With many features, such as low production cost, good performance of speed adjustment, strong reliability, flexible control strategies and so on, the Switched Reluctant Drive system seizes a considerable market share in the competition with other types of motor. However, the inherent torque ripple and the following noise restrain its develop and application further. The use of Direct Torque Control for modern AC speed adjustment system has become more mature, whose unique methods of controlling torque is suitable for Switched Reluctant Drive system. If application is successful, to some extent, the torque ripple will be limited.

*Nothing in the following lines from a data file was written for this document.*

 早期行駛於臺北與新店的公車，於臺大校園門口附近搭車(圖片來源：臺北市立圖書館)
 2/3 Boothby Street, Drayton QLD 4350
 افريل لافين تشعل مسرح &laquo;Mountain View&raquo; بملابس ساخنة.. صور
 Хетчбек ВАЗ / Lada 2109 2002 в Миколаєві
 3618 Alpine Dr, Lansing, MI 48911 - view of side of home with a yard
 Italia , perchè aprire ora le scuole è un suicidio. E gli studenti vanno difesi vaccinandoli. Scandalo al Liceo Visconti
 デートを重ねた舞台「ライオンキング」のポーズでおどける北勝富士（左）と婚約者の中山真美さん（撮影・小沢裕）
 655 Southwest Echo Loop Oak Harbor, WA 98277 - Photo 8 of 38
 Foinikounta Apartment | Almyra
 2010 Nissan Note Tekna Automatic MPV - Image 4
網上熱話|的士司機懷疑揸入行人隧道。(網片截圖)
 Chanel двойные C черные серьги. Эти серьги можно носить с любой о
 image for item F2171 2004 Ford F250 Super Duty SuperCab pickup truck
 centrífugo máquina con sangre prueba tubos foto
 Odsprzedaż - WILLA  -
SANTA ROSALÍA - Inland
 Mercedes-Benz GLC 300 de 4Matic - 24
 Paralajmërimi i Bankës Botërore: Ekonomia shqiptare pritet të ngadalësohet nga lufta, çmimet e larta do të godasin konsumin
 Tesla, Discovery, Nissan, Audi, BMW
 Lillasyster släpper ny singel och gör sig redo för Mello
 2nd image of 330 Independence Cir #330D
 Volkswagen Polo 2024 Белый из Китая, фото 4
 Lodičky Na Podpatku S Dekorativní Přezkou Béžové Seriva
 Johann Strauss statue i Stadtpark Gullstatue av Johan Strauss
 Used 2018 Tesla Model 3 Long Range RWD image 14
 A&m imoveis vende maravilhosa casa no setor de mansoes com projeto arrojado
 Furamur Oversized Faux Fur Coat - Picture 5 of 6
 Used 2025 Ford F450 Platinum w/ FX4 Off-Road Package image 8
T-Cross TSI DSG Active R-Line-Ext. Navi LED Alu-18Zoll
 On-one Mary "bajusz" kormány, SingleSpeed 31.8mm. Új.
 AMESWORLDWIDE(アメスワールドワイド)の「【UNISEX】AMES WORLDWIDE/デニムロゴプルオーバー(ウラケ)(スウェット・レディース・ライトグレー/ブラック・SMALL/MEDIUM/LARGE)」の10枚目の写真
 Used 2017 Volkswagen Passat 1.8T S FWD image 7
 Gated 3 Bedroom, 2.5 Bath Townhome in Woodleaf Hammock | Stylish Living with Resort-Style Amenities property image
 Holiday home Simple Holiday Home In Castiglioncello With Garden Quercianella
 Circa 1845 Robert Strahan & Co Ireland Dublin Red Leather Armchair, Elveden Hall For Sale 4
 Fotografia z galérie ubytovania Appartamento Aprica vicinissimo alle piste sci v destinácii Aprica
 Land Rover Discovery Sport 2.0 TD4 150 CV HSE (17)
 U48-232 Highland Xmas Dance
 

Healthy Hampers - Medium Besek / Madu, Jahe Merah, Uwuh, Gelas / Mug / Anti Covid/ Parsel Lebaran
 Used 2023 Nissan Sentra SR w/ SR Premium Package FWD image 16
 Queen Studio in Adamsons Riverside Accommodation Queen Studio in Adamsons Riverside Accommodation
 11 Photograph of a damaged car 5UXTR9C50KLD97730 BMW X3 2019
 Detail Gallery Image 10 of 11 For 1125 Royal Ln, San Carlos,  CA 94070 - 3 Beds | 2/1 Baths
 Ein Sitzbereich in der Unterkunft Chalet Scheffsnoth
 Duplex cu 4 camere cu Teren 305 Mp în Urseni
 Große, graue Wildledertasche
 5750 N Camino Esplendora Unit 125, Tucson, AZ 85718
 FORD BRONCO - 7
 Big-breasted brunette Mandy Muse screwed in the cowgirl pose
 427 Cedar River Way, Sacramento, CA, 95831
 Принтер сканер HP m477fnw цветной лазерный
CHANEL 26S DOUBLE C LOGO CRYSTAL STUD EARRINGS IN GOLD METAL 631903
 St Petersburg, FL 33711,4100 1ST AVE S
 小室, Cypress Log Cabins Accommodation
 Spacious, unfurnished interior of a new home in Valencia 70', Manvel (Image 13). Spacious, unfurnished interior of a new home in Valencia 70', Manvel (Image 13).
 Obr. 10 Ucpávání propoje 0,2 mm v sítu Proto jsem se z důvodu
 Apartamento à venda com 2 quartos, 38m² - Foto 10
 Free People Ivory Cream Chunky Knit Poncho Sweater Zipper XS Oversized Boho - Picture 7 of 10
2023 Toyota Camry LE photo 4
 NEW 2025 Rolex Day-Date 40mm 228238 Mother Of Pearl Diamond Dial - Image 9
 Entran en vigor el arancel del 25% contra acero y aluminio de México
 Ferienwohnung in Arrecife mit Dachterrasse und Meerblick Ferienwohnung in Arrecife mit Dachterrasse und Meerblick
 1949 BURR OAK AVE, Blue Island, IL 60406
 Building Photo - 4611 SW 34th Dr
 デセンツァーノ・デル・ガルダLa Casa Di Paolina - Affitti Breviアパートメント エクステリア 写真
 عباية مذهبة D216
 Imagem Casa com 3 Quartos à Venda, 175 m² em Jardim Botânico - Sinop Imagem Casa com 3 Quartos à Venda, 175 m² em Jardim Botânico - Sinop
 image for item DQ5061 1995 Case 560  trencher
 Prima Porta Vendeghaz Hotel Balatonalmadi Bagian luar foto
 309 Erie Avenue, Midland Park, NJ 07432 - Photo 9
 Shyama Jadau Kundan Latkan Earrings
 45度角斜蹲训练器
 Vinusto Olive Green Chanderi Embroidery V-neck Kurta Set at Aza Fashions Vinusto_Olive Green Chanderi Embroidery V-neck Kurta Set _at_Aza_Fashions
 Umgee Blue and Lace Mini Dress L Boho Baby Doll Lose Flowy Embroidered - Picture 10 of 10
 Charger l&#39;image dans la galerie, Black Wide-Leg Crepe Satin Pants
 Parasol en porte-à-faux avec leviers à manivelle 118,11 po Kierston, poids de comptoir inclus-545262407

Based on this reasoning, this paper aims to study the application of Direct Torque Control in the drive system of Switched Reluctance Motor.After mathmatical derivation, achieve the expression of electromagnetic and torque of Switched Reluctance Motor, and according to this, find out similarities to traditional algorithm, and then, demonstrate the feasibility of the new algorithm. After finishing the modeling of this system with MATLAB, compare with the current chopper system, and the simulation results show that the use of direct torque control for Switched Reluctance Motor system achieves high dynamic and static performance, and gets better efforts in the limits of torque ripple.Due to the lack of traditional Direct Torque Control algorithm, this paper makes two improvements on the original system. One is using the theory of Fuzzy control to improve the torque, subdividing the level of flux and torque errors, to optimize the selection of switching states. The other is using the theory of Active Disturbance Rejected Control to improve the speed loop, smoothing the input signals, estimating the disturbance real time, and finishing feedforward compensation, to achieve the precise torque reference signals. The simulation results show that, using the new algorithm for the system, whose performance is better than those of original system. The torque ripple is limited more effectively. Meanwhiles, the dynamic, static performance and robustness of the system have also big improvements. The rationality and validity of new algorithm are confirmed.